Salah satu yang lantang Ary suarakan adalah tata cara kearifan lokal masyarakat Dayak dalam berladang. Mereka, kata Ary, biasa membuka lahan sebagai tempat berladang dengan cara membakar.
Menurutnya, kebiasaan masyarakat adat Dayak tersebut sudah ada sejak zaman Indonesia belum merdeka.
Bupati Kapuas, Benbrahim S. Bahat yang kini sedang menghadapi pertarungan merebut simpati hati rakyat untuk bisa menjadi Gubernur Kalimantan Tengah (Kalteng) periode 2021-2026 tampak jelas mendapat dukungan serius dari istrinya yang terlihat cantik dan cerdas ini.
Dalam percakapan Dayak News, Egahni menilai bahwa UU nomor 32 tahun 2009 tentang perlindungan dan pengelolaan lingkungan hidup tersebut perlu pengecualian.
Pada poin H dalam UU tersebut disebutkan, dilarang melakukan pembukaan lahan dengan cara dibakar.
“Kami itu punya namanya peladang tradisional.

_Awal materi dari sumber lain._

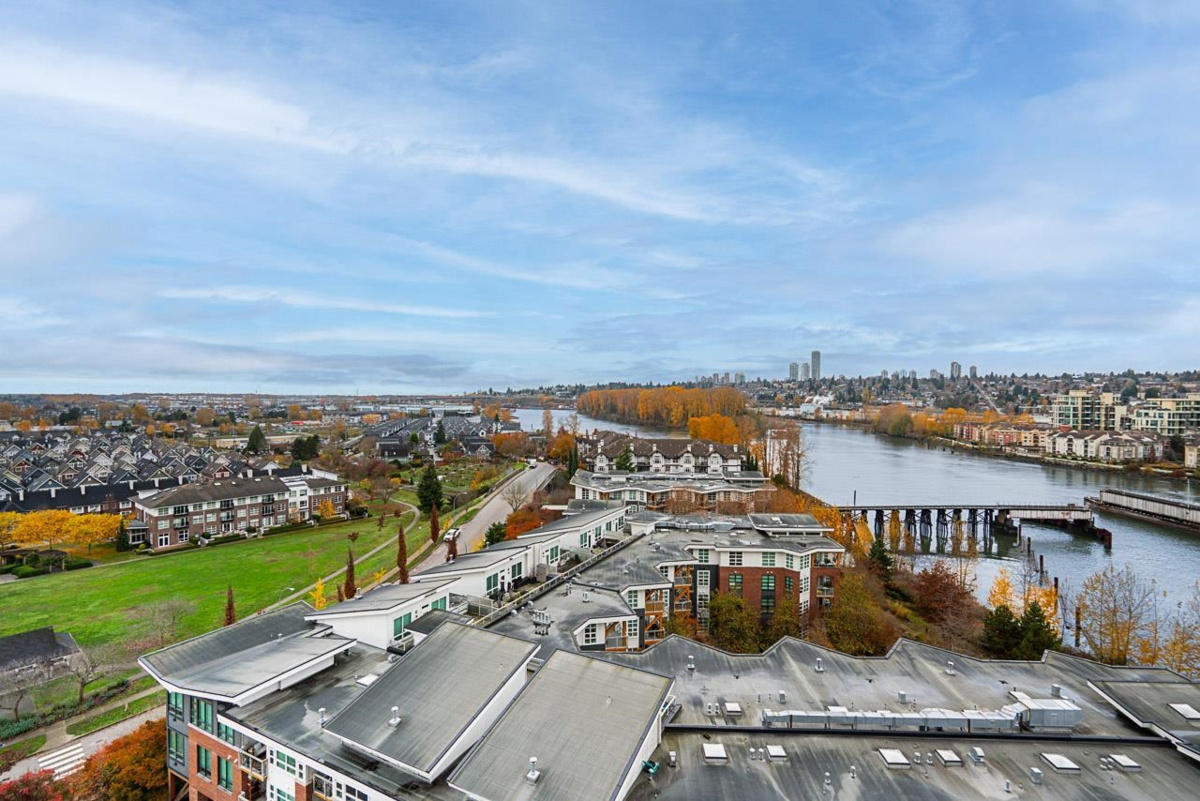 Powder Room Photo of 1302 210 Salter Street, New Westminster, BC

Saya perlu jelaskan bahwa orang Dayak sejak dahulu kala, sebelum Indonesia merdeka, sejak zaman penjajahan pun sudah punya kearifan lokal membuka lahan pertanian dengan membakar. Dan tidak pernah terjadi Karhutla,” ujar Ary.
Anggota Komisi III DPR RI ini mengungkapkan, para peladang lokal mempunyai teknik tersendiri dalam melakukan pembakaran untuk pembukaan lahan. Teknik tersebut, Kata Ery, tidak akan menimbulkan Karhutla.

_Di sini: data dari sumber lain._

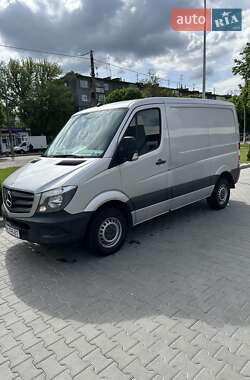 Вантажний фургон Mercedes-Benz Sprinter 2014 в Житомирі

“Satu bentuk budaya lokal orang Dayak asli. Mereka ketika membuka lahan ada ilmunya. Jadi melihat arah angin, mengawal lahan, dan sebagainya,” kata Ary.
“Jadi misalkan lahan yang akan dibuka luasnya 20 kali 30 meter persegi, hanya bagian itu yang terbakar, tidak lebih dari itu, apalagi sampai terjadi Karhutla, tidak akan mungkin terjadi,” tambahnya.
Perjuangan Ary yang cukup panjang akhirnya membuahkan hasil. Setelah ia lantang menyuarakan hak-hak masyarakat adat Dayak di depan Kapolri dan badan legislasi. Keluarlah payung hukum yang melindungi masyarakat adat Dayak.
“Kapolda Kalteng sudah memberikan keringanan bagi masyarakat adat untuk membuka lahan dengan cara dibakar. Para pemimpin di 13 kabupaten dan 1 kota juga akhirnya mengeluarkan perbup dan perwali yang melindungi masyarakat adat dalam membuka lahan secara tradisional,” ucap Ary.
“Doakan agar RUU MHA ini segera dapat dieksekusi menjadi UU MHA. Karena sudah selesai dalam pembahasan tingkat satu dan dua,” tambahnya.
Selain menyuarakan keadilan bagi para peladang tradisional masyarakat adat. Ary juga aktif menyuarakan kearifan lokal masyarakat adat Dayak seperti hak Ulayat dan hak atas tanah adat.(Rb/BBU).